おにぎり食べたい

asahi.com:日記に「おにぎり食べたい」 生活保護「辞退」男性死亡 (2007/07/11)
北九州市小倉北区の独り暮らしの男性(52)が自宅で亡くなり、死後約1カ月たったとみられる状態で10日に見つかった。

~ 中略 ~

男性は肝臓を害し、治療のために病院に通っていた。市によると、昨年12月7日、福祉事務所に「病気で働けない」と生活保護を申請。事務所からは「働けるが、手持ち金がなく、生活も窮迫している」と判断され、同月26日から生活保護を受けることになった。
 だが、今春、事務所が病気の調査をしたうえで男性と面談し、「そろそろ働いてはどうか」などと勧めた。これに対し男性は「では、働きます」と応じ、生活保護の辞退届を提出。この結果、受給は4月10日付で打ち切られた。この対応について男性は日記に「働けないのに働けと言われた」などと記していたという。

ところが、その後も男性は働いていない様子だった。1カ月ほど前に男性に会った周辺の住民によると、男性はやせ細って、「肝硬変になり、内臓にも潰瘍(かいよう)が見つかってつらい」と話していたという。

この記事を読んでヒトゴトではないと思ったので書いておく。

男性は52歳。記事からすると、おそらく一人暮らしで身寄りのない人だろう。

52歳だから、仮に年金を毎年払っていたとしても65歳になるまでは年金ももらえない。
病気だけど障害者ではないから、障害年金ももらえない。

近くの人を頼ることもできなかった。
いつか負担と思われることを恐れてなのか、物乞いのようなことはできないということなのか、これらは推測でしかなく本当の気持ちはわからないけど。

電気も水道もないぼろぼろの家で「おにぎり食べたい」と日記に書いて亡くなったことにとても恐怖を感じる。

私もいつか、病気になり、働けなくなり、お金がなくなり、身形が汚くなり、哀れと思われるよりも気持ち悪いと思われるようになり、人々の視線から臆病になり、生きていく為に生活保護をもらいに行っても自信のなさからきちんと状況を説明できず生活保護担当の人に「ダメですねー」と言われたら懇願も反論もできずそのまま提案を受け入れ、真っ暗なところでたった一人で死ぬことになるかもしれない。
死ぬのは家の中かもしれないし、河原の橋の下かもしれない。
(※注:これは私の妄想です。彼がそうだったというわけではありません。)

自治体の人も、もしかしたら「働けるのにいつまでも自堕落に生活保護をもらい続ける人」に疲れきってしまってこんなことになっているのかもしれないけど、助ける方法はなかったのかと思う。

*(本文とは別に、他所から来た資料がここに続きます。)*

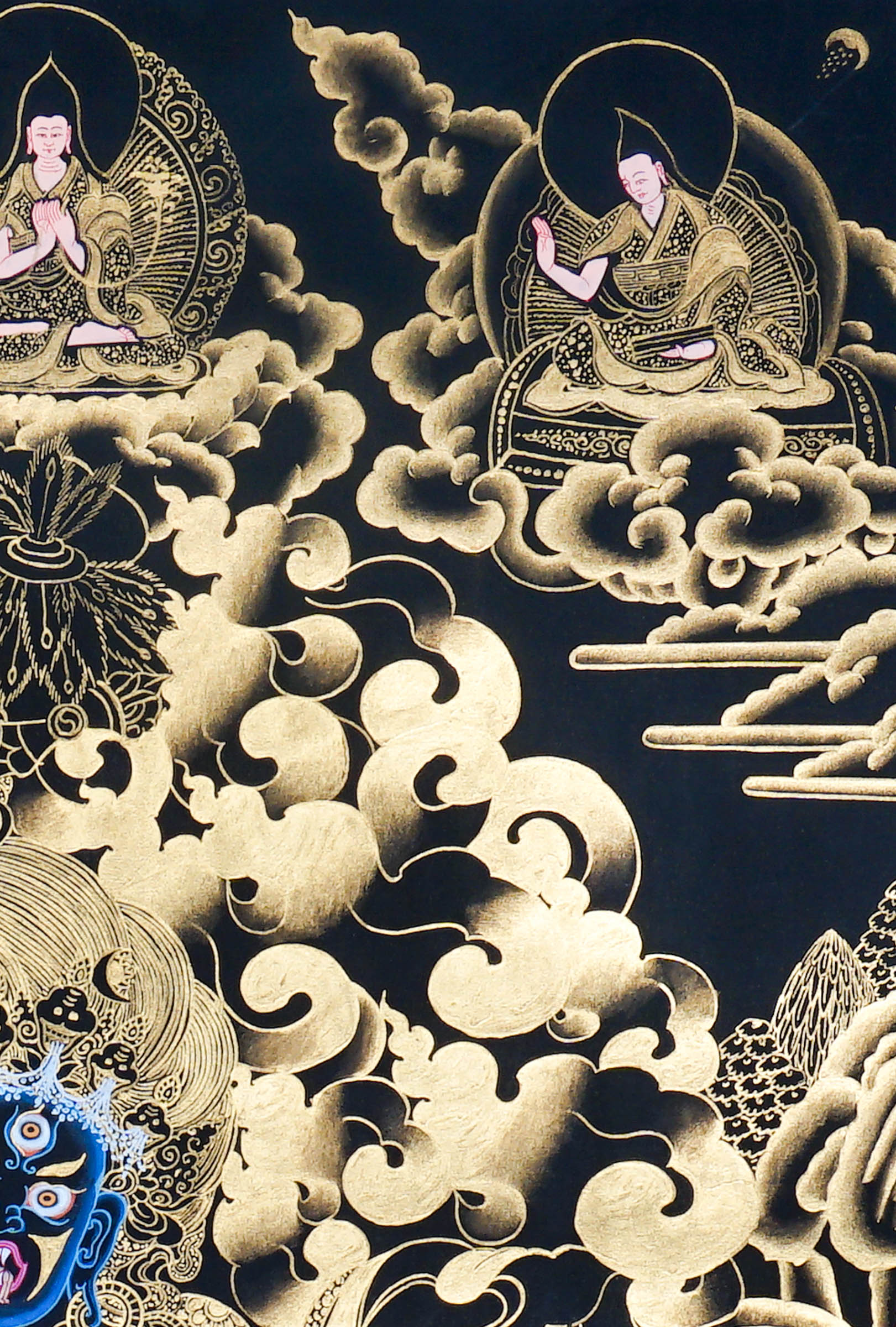 Palden Lhamo Thangka Painting showing the Tibetan Buddhist female Dharma protector riding in wrathful form with gold cloud patterns, ritual implements, lineage figures, mountain landscape and sacred Himalayan details.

国に何の利益をもたらさない人を助けることにはおそらく賛否両論あると思う。
・自分で準備するなり保険に入るなりしておくべきだった。自己責任だ。
・彼がいままで年金や税金を払って国に少しでも貢献していたなら助けるべきだ。

飛躍するけど、じゃあ生まれてから死ぬまで1円も国に貢献できないひとは助けなくてもいいの?とも思う。
そういう人はある一定の割合では必ずいる。赤ちゃんも若い人もお年寄りも年齢に関係なくいる。
国という体を成しているなら、そういった人でも助けるべきだと思う。

自堕落や無知が多すぎる、相互扶助の精神が薄い人が多すぎると言うなら、それこそ国家としてそういう人ができるだけ生まれないように成すべきだ。
時代の流れや世界の変化にも負けない方法はきっとあると思う。